Grain based foods are profitable. Take corn, the cheapest food on the planet, convert it into crunchy flakes, add some sugar and sell it for ten times what it costs to produce. There are hundreds of versions of that model, sold as bread, muffins, buns, biscuits, cakes, pasta, pastries, the sort of thing most people eat all the time. So much so that people can't imagine living without ANY of those foods.

For 30 years I ate a non-cooked breakfast. Muesli (sometimes with honey), low-fat yoghurt and fruit, with added low-fat milk. Occasionally supplemented by toast, margarine and peanut butter. This breakfast has a Heart Foundation good health "tick." Sadly, it's not healthy.

Visceral fat causes organ malfunction

Today, none of that content is part of my breakfast. My aim at breakfast is not to stimulate the production of insulin. Instead, I want to effectively continue my overnight fast, and also to eat well. The basis of breakfast is fatty meat and eggs. Vegetables are a desirable addition, avocado, tomatoes, mushrooms, kale, silver beet, or even lettuce. Offal meats or seafoods are a welcome addition.

If I eat any food at all with higher carbohydrate content, during the day, it's likely to be at dinner, in the evening. The only problem I have is at business meetings, morning or afternoon teas. Typically no real food is ever provided. Sometimes you can't even get real butter. This is disgraceful, but that's what's easy to do, and it's become what people expect. Obesity isn't in the person, it's in our whole society, in the way we all think. In what we all accept as "normal."

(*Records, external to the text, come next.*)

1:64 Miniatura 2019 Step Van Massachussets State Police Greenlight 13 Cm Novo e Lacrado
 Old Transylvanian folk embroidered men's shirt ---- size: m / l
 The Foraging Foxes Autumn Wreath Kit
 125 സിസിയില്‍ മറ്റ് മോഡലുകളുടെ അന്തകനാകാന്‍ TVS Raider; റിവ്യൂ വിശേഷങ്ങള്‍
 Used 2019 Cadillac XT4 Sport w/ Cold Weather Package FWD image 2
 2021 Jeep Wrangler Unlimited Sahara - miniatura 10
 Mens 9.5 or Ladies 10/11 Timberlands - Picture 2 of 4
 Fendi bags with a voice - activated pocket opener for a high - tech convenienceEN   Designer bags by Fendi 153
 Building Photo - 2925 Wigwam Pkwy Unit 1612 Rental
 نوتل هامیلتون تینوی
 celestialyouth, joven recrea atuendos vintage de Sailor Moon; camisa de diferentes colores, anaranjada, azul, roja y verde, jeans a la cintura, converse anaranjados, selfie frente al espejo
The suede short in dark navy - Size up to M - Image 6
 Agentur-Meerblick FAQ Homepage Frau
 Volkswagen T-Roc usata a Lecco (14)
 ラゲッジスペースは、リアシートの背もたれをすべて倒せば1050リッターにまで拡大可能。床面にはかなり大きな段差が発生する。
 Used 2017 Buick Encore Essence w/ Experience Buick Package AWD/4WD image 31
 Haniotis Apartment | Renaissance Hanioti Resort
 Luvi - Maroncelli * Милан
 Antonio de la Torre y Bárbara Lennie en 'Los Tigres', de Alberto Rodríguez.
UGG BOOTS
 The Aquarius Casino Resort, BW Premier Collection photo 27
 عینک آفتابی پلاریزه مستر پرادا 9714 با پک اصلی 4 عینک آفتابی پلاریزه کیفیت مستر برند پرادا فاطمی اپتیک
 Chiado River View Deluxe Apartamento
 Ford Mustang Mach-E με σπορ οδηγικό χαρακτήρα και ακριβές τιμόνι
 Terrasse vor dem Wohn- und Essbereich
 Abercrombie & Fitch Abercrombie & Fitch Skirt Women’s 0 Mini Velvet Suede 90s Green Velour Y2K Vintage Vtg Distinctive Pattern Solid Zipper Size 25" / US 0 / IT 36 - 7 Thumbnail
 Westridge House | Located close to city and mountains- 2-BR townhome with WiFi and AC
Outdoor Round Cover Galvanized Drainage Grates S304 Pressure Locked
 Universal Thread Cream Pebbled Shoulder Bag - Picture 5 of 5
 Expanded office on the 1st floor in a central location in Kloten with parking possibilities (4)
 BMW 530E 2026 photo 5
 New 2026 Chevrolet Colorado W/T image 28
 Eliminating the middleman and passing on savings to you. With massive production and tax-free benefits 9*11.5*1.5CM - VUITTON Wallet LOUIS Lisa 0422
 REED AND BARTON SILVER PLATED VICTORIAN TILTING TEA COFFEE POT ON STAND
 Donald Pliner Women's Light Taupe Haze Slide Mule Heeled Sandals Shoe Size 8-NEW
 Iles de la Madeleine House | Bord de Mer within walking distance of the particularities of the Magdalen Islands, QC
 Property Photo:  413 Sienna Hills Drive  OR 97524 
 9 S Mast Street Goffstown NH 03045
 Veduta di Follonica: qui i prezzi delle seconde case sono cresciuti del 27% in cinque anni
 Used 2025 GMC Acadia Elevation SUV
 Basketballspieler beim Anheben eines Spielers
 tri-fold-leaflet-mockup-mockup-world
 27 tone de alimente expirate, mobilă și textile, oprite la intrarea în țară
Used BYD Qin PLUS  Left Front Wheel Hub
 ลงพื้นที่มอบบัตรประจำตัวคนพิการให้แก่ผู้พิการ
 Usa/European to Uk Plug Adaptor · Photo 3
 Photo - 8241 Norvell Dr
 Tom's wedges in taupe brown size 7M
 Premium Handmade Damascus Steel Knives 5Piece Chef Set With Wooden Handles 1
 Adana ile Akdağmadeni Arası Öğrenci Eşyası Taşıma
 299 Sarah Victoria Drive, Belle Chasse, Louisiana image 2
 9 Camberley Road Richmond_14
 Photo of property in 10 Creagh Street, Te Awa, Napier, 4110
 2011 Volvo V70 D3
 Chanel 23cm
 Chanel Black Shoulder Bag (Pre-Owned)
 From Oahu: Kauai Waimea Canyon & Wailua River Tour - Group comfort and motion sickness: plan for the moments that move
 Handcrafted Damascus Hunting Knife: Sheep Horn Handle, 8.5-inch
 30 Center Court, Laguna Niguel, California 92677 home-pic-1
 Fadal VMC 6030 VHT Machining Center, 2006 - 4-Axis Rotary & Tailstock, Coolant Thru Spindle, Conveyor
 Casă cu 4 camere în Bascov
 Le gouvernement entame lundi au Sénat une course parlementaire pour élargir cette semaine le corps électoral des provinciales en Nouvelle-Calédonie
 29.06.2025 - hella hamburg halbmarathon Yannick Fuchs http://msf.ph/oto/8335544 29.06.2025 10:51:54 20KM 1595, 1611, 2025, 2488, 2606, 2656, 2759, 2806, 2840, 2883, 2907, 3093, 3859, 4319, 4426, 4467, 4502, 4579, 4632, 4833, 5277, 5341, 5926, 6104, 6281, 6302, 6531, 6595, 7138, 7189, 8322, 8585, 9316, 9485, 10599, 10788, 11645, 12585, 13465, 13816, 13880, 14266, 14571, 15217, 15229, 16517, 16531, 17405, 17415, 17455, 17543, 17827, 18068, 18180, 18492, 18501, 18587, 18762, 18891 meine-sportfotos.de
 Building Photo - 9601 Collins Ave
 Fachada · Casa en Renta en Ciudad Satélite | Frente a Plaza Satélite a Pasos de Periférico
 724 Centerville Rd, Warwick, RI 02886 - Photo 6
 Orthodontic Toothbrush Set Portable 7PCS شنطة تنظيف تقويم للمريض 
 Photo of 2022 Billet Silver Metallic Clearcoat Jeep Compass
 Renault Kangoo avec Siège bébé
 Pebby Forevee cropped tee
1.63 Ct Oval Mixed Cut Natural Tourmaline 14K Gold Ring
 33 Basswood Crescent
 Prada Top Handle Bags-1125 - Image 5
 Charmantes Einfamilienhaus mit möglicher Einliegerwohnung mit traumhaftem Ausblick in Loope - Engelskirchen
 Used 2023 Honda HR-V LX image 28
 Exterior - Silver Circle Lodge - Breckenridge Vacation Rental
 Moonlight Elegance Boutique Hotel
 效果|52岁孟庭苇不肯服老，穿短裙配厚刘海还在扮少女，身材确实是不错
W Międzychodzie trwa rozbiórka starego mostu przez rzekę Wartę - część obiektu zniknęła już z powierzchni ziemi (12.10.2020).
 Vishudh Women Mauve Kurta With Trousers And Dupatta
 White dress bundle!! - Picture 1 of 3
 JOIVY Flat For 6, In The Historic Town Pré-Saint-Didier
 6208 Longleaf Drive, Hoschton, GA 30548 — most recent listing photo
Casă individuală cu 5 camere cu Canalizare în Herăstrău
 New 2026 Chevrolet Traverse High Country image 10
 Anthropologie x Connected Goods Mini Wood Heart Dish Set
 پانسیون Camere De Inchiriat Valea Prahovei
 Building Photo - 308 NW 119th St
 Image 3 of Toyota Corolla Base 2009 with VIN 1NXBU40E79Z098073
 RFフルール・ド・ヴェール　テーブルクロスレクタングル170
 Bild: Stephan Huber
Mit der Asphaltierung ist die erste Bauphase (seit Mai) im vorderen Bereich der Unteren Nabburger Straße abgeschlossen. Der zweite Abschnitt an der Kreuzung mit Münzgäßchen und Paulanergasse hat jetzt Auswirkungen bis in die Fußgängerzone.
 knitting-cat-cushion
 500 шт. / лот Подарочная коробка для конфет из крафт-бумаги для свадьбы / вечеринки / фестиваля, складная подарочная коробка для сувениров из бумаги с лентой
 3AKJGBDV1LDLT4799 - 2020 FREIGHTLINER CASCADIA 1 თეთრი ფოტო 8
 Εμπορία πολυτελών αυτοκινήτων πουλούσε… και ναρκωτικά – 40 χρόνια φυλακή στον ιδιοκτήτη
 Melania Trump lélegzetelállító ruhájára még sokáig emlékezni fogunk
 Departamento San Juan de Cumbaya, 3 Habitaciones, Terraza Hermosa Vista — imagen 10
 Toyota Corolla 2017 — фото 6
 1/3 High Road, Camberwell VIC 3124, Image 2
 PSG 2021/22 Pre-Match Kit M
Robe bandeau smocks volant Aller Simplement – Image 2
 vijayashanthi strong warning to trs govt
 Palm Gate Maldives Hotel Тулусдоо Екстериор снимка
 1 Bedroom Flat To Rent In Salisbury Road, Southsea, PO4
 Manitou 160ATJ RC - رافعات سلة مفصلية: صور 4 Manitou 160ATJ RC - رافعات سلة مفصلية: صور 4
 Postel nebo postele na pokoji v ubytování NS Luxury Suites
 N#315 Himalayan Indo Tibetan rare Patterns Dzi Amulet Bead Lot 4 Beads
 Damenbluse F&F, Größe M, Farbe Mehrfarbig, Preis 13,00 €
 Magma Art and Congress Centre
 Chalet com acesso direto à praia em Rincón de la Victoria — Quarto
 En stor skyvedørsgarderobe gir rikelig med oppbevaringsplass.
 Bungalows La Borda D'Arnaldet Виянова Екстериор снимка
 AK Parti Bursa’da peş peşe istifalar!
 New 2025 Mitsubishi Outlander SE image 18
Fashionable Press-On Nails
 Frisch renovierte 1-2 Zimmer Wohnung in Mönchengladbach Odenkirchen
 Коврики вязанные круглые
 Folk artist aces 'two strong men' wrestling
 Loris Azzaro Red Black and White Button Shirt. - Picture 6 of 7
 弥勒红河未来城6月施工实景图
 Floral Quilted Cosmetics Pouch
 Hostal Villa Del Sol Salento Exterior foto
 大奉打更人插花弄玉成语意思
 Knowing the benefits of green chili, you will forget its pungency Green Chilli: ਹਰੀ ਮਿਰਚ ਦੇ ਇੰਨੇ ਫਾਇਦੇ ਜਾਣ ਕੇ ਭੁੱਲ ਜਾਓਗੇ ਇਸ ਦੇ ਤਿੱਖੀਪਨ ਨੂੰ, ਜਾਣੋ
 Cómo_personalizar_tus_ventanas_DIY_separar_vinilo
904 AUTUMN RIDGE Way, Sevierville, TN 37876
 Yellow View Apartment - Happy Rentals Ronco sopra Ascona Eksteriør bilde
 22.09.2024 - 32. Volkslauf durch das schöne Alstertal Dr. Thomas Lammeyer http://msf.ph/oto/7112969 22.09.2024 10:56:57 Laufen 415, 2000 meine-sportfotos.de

So we get fat, by making wrong dietary choices, sometimes because we seem to have no option. The most damaging fatness is invisible. Visceral fat; that is the fat created by your liver that collects inside and around your internal organs. As this fat builds up your organs find it more and more difficult to be efficient. Fatty liver has no symptoms until it gets quite serious, but that's 20 years after the problem began. We don't know how many people at age 50 have nor-alcoholic fatty liver disease, because we never test for it, but maybe almost everyone. Dr Tim Noakes tells us that it's probably the most under-diagnosed problem in medicine.

On the basis of current statistics, young people today will live shorter lives than their parents. They are fat 20 years earlier than their parents, and huge numbers are diabetic. This is entirely unnecessary. But to make effective change, our whole society has to develop quite different ideas about what a healthy diet looks like.